5. En deuxième lieu, en vertu du II de l'article L. 541-10-6 du code de l'environnement : " L'éco-organisme est tenu de passer les marchés relevant de son activité agréée selon des procédures d'appel d'offres non discriminatoires et des critères d'attribution transparents, en recherchant des modalités d'allotissement suscitant la plus large concurrence. Dès qu'il a fait son choix, l'éco-organisme rend publique, par tout moyen approprié, la liste des candidats retenus et la communique aux candidats dont la candidature ou l'offre n'a pas été retenue (...) ". En prévoyant, à l'article R. 541-290-7 du code de l'environnement, que lorsqu'il pourvoit à la gestion des déchets, l'éco-organisme passe des marchés " dans les conditions prévues aux I et II de l'article L. 541-10-6 ", le décret attaqué se borne à tirer les conséquences des dispositions de cet article. Par suite, l'association requérante ne saurait soutenir qu'il porte, par lui-même, atteinte à la liberté d'entreprendre au motif que ses adhérents ne seraient plus assurés de pouvoir exercer leur activité du fait de la sélection opérée par une procédure d'appel d'offres. Elle ne peut davantage utilement soutenir que les arrêtés portant agrément des éco-organismes, qui ne constituent pas les actes attaqués dans le cadre du présent litige, portent atteinte à la liberté d'entreprendre des opérateurs de collecte et de gestion des déchets.

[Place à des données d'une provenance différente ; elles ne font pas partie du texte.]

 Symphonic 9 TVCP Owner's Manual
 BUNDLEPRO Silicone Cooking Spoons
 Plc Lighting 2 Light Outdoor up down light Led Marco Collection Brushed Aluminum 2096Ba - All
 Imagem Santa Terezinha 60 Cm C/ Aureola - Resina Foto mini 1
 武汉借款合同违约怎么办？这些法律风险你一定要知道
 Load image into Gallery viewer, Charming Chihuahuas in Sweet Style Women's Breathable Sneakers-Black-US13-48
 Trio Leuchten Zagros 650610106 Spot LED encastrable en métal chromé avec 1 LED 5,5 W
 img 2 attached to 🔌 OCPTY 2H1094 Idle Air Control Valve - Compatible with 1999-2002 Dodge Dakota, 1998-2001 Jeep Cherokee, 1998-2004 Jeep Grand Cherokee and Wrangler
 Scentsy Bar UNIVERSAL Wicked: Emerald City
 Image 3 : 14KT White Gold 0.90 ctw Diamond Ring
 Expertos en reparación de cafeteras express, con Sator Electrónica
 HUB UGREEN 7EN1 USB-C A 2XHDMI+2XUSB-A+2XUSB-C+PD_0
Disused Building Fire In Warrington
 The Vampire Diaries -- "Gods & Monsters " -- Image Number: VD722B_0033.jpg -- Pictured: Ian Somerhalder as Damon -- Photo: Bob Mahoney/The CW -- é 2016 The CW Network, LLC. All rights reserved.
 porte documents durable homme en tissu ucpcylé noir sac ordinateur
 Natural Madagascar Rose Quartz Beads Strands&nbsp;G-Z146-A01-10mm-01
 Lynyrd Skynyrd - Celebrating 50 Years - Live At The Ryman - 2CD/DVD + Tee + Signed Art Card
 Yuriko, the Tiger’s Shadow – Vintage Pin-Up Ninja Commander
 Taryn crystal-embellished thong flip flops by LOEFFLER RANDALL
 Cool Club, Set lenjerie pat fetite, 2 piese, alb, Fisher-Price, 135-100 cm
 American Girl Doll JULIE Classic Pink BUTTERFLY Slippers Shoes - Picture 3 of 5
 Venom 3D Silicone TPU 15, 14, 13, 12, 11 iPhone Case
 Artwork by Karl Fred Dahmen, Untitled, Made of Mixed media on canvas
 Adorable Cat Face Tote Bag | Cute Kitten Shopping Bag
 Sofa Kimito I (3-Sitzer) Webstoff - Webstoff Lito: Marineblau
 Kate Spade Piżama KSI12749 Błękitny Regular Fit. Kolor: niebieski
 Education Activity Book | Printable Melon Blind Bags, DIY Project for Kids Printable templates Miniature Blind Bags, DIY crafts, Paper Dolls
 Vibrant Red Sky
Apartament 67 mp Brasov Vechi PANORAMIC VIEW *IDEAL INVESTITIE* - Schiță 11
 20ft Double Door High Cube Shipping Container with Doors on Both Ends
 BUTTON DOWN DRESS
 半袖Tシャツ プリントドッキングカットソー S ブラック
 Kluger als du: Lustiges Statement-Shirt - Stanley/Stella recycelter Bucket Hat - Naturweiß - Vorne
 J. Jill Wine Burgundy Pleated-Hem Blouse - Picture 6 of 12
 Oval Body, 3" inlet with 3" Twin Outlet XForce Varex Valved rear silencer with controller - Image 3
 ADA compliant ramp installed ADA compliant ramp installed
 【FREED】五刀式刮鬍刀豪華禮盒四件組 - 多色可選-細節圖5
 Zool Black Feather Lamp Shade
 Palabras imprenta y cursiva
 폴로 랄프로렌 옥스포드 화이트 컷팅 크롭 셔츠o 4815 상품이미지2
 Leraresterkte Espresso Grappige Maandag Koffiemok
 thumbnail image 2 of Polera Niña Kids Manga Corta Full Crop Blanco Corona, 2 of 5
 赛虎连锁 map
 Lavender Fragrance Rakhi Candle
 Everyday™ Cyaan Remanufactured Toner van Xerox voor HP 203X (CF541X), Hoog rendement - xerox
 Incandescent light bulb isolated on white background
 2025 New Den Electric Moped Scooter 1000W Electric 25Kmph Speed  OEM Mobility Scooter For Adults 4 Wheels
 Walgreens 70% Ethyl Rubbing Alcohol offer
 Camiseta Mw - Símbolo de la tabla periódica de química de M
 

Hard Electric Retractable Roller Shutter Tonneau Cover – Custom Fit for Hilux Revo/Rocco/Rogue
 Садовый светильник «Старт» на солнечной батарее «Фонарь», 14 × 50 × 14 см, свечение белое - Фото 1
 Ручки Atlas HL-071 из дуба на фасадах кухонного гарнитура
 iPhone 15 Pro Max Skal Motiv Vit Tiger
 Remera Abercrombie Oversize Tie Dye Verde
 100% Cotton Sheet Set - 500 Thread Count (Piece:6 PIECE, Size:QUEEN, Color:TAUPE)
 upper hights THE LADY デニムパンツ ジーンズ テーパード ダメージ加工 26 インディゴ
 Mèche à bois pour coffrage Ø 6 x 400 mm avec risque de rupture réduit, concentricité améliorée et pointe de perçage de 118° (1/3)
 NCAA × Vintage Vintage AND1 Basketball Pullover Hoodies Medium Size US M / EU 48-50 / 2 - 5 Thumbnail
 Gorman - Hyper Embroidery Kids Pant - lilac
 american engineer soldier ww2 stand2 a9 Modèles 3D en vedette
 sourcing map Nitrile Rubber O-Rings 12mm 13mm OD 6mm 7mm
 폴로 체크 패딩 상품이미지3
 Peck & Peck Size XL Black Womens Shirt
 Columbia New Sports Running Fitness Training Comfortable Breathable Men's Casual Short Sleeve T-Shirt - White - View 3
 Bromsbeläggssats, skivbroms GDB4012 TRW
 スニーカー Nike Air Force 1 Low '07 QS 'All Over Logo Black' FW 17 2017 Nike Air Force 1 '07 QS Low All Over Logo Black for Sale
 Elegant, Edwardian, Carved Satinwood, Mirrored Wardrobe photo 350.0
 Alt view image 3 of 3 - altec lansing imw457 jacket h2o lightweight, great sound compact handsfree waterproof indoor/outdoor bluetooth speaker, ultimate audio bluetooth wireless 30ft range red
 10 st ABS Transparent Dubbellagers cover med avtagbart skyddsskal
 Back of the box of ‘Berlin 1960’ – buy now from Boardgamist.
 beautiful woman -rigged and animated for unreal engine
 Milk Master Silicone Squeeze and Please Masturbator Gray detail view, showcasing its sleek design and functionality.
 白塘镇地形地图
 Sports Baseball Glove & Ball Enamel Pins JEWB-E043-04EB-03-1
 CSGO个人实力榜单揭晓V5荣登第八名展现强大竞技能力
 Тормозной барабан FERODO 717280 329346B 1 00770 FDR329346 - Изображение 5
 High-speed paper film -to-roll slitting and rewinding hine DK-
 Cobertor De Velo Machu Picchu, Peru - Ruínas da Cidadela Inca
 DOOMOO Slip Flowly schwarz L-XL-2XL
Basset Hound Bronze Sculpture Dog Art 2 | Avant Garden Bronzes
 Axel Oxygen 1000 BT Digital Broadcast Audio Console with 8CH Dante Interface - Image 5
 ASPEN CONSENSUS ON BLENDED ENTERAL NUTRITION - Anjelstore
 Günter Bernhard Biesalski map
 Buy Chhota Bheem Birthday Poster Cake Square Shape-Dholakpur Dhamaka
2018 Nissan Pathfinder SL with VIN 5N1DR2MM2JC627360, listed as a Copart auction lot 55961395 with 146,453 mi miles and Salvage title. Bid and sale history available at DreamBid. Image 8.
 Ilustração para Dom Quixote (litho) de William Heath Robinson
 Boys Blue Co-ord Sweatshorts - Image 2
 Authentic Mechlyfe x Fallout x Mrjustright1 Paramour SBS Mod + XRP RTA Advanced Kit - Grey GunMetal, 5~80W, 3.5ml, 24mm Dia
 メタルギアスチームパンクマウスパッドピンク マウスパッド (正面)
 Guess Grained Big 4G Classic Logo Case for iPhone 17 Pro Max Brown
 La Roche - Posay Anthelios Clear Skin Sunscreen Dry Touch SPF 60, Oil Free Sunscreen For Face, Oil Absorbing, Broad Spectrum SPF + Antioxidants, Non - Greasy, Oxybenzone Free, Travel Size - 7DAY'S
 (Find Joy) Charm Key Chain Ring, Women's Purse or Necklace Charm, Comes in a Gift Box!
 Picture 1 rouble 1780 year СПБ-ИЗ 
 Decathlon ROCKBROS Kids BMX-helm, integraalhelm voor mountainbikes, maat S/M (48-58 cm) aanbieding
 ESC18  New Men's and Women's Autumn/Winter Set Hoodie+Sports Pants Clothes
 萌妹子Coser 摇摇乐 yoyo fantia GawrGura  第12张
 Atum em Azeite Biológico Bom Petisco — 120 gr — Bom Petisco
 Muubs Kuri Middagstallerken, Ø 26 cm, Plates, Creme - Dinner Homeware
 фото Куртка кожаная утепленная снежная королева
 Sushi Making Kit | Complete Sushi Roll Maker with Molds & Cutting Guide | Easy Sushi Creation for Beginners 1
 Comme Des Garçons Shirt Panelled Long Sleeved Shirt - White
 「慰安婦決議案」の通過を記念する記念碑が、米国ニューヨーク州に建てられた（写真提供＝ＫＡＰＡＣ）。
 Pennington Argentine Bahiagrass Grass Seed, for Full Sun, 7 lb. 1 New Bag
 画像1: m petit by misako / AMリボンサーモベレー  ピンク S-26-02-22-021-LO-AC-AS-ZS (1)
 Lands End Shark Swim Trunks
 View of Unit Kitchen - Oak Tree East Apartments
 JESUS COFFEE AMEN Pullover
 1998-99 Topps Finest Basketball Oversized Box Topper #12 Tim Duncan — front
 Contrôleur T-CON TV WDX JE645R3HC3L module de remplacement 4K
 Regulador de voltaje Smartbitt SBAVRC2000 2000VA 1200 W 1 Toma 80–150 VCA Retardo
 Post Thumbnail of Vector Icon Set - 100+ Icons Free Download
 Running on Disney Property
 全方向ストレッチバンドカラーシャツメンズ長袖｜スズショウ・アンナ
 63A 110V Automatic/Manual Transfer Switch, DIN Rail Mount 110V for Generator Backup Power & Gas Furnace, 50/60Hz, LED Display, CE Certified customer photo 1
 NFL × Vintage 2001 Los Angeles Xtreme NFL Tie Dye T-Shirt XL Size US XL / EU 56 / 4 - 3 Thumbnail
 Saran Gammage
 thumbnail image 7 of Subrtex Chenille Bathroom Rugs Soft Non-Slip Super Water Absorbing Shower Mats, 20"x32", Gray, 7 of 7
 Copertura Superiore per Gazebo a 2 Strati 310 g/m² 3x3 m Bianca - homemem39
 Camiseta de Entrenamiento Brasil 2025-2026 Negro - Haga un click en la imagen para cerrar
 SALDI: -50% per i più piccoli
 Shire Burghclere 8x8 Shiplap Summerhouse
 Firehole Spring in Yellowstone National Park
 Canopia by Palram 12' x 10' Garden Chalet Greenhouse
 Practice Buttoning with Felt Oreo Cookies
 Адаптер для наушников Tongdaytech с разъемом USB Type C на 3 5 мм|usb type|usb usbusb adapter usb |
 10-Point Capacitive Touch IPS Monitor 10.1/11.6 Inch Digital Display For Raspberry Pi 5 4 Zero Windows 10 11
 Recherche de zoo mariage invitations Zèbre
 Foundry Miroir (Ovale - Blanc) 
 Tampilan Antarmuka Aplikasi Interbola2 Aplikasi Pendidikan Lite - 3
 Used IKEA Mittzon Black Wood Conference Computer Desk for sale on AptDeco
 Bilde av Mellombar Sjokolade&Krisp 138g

6. En troisième lieu, aux termes de l'article L. 541-10-2 du code de l'environnement : " Les contributions financières versées par le producteur à l'éco-organisme couvrent les coûts de prévention, de la collecte, du transport et du traitement des déchets, y compris les coûts de ramassage et de traitement des déchets abandonnés, déposés ou gérés contrairement aux prescriptions du présent chapitre, lorsque le cahier des charges mentionné à l'article L. 541-10 le prévoit (...) ". En prévoyant que " Les montants des soutiens financiers prévus par le contrat type sont déterminés sur la base des coûts de référence qui sont supportés par l'éco-organisme pour les opérations de gestion des déchets comparables auxquelles il pourvoit " et que " Lorsque l'éco-organisme ne dispose pas de ces coûts de référence en raison du déploiement progressif de son activité, l'éco-organisme justifie des montants des soutiens financiers qu'il propose de sorte à ce qu'ils correspondent à des coûts présentant un bon rapport coût-efficacité ", le IV de l'article R. 541-290-8 du code de l'environnement, issu du décret attaqué, qui se borne à faire application des dispositions des articles L. 541-10-2 et L. 541-10-23 du même code, n'a ni pour objet ni pour effet de fixer un prix minimum pour chaque prestation de service. Ainsi, le moyen tiré de ce que le décret et l'arrêté attaqués porteraient, pour ce motif, atteinte à la liberté du commerce et de l'industrie ne peut qu'être écarté.

7. En quatrième lieu, l'exigence de passer un contrat afin de bénéficier des soutiens financiers d'un éco-organisme agréé prévu par le II de l'article L. 541-10 du code de l'environnement découle de l'économie générale du dispositif de responsabilité élargie du producteur et a été traduite, s'agissant de la filière ici en cause, aux articles R. 543-288 à R. 543-290-12 issus du décret attaqué. Par suite, la requérante ne saurait utilement soutenir que les dispositions du décret qu'elle attaque portent, par elles-mêmes, atteinte à la liberté contractuelle consacrée aux articles 1102 et 1171 du code civil, au motif qu'elles imposent aux opérateurs de gestion et de traitement des déchets de passer des contrats dont elles ne peuvent négocier les termes avec les éco-organismes agréés.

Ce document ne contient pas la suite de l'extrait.